Germán Ayala Osorio, comunicador social y politólogo
A partir de los incuestionables
avances en el proceso de paz y negociación que se adelanta en La Habana, se espera que las conversaciones terminen
y/o conduzcan hacia el fin del conflicto armado entre el Estado y las Farc. Con
la firma del armisticio, la dejación de armas, la desmovilización de los
guerrilleros farianos o la transformación en un cuerpo de policía rural y/o su
reintegración a la vida civil, el país avanza hacia la construcción de estadios
de posacuerdos, posguerra y ojalá, de posconflicto[1], en donde finalmente se
debería consolidar la paz.
Ponerle fin al conflicto no sólo
debe hacer posible la disminución efectiva de muertos y heridos tanto en las
filas de las Farc, como en las de las fuerzas oficiales que defienden al
Estado, sino que dará un respiro importante a los ecosistemas naturales
afectados por la presencia y las acciones de combatientes en zonas biodiversas
de especial valor ambiental. Eso sí, hay que señalar que la variable ambiental
no tiene un lugar privilegiado en lo acordado hasta el momento, pero ello no es
óbice para que desde la sociedad civil y en particular desde la Academia, se
vaya pensando en la necesidad de que, de cara a escenarios de posguerra y
posacuerdos, las partes y el país entero empiecen a darle al tema del medio
ambiente y la reparación ambiental, un lugar preponderante.

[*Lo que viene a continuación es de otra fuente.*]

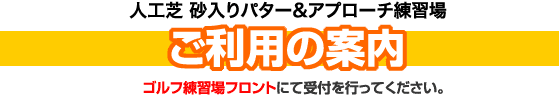 人工芝砂入りパター&アプローチ練習場ご利用の案内ゴルフ練習場フロントにて受付を行ってください。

Así como han faltado reglas para
humanizar el conflicto, se echan de menos medidas de mitigación ambiental en
quienes combaten en zonas inhóspitas que terminan por desquiciar a quienes no
sólo deben cuidar sus vidas de las balas enemigas y procurar hacerle daño al
enemigo, sino que todo el tiempo deben cuidarse de los “males” que la selva
produce, como las picaduras de serpientes y las letales del conocido mosquito Pito.

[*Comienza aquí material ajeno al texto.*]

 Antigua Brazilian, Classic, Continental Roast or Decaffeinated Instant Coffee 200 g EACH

El país aún no ha cuantificado
los daños ambientales que la guerra interna ha generado en ecosistemas
naturales. Quizás lo haga mientras diseña y consolida escenarios de posguerra y
posacuerdos. Es urgente que esas valoraciones se hagan para que la sociedad y
el Estado sepan cuánto costará reparar el medio ambiente que los combatientes,
de disímiles maneras, han afectado en estos 50 años de conflicto armado
interno.
Una vez valoradas las
afectaciones socio ambientales, habrá que caminar hacia el diseño e
implementación de estrategias de reparación ambiental que permitan, por
ejemplo, reforestar zonas boscosas, descontaminar ríos y descifrar con claridad
qué especies vegetales y animales están en peligro de extinción, bien por los
efectos directos de las hostilidades, la instalación física de campamentos de los combatientes
o el consumo indiscriminado de dantas, guaguas y tapires, entre otros animales.

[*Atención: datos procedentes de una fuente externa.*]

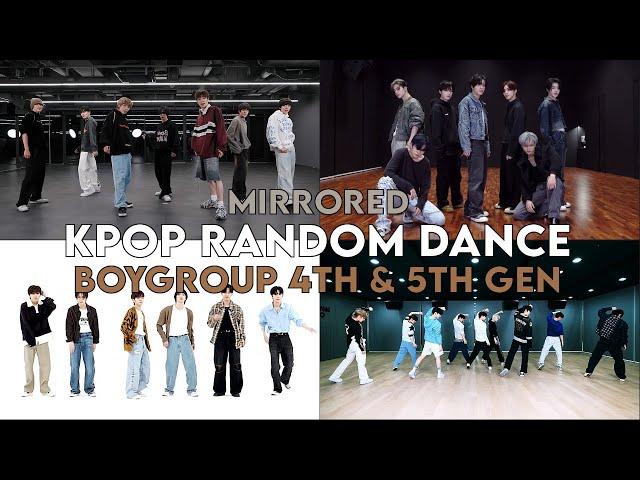 [MIRRORED] - KPOP RANDOM DANCE - BOYGROUP 4TH & 5TH GEN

Medio ambiente y justicia transicional
De acuerdo con las circunstancias
que se logren consensuar y consolidar en un proceso de justicia transicional,
reparar el medio ambiente debe mirarse como una alternativa jurídica para los
jefes de las Farc procesados y condenados por los delitos que finalmente la
justicia colombiana logre demostrar. Es decir, dentro de la alternatividad de
las penas a proferir, reparar el medio ambiente podría resultar importante.
Acompañados por guerrilleros
rasos que conozcan muy bien las zonas selváticas y montañosas señaladas para
aplicar en ellas procesos de reparación ambiental, los líderes de las Farc
podrían desarrollar actividades de reforestación y recuperación de ecosistemas
e incluso, de reincorporación de especies animales a los hábitats de donde fueron
expulsados o fuertemente disminuidos en su población. Todo lo anterior, deberá
hacerse con el acompañamiento del Ministerio del Medio Ambiente y Desarrollo
Sostenible, las CAR y un grupo, ojalá numeroso, de ecólogos, ingenieros
forestales, botánicos y zootecnistas, entre otros.
Para ello, se requerirá de
recursos técnicos, humanos y económicos que aseguren procesos exitosos de
reparación ambiental de aquellas zonas, especialmente afectadas por la presencia
y las acciones de los combatientes.
Lo cierto es que en La Habana se habla con mayor propiedad y
preocupación por el reconocimiento y la reparación de las víctimas de los actores armados que durante 50 años
se han enfrentado en el contexto del conflicto armado interno. Sin duda, es una
prioridad. Ello no tiene discusión y el Estado y la sociedad deben hacer todo
para que ello se dé no sólo en términos económicos, sino en lo que corresponde
a la reconstrucción identitaria de las víctimas de actores como la Fuerza
Pública, guerrillas y paramilitares, enfrentados en este largo y degradado
conflicto.
Pero
poco se habla de reparar los ecosistemas naturales afectados por las dinámicas
del conflicto armado interno, en especial cuando se producen bombardeos por
parte de las fuerzas estatales, sobre campamentos guerrilleros, se depredan
bosques para la construcción de campamentos, móviles y fijos de guerrillas y
paramilitares y por la presencia de los cultivos de amapola y coca; y por
supuesto, por la fumigación con glifosato de zonas de parques naturales (Plan
Colombia) y de zonas de cultivos de pan coger de campesinos y colonos. De igual
forma, los efectos negativos que deja la construcción de laboratorios para el
procesamiento de alcaloides, manejados por narcos, Paramilitares, bandas
criminales y guerrilleros, así como la destrucción de los mismos, por parte de
las autoridades. Y a ello se suma, los efectos socio ambientales que viene
dejando la explotación de oro a lo largo y ancho del territorio colombiano.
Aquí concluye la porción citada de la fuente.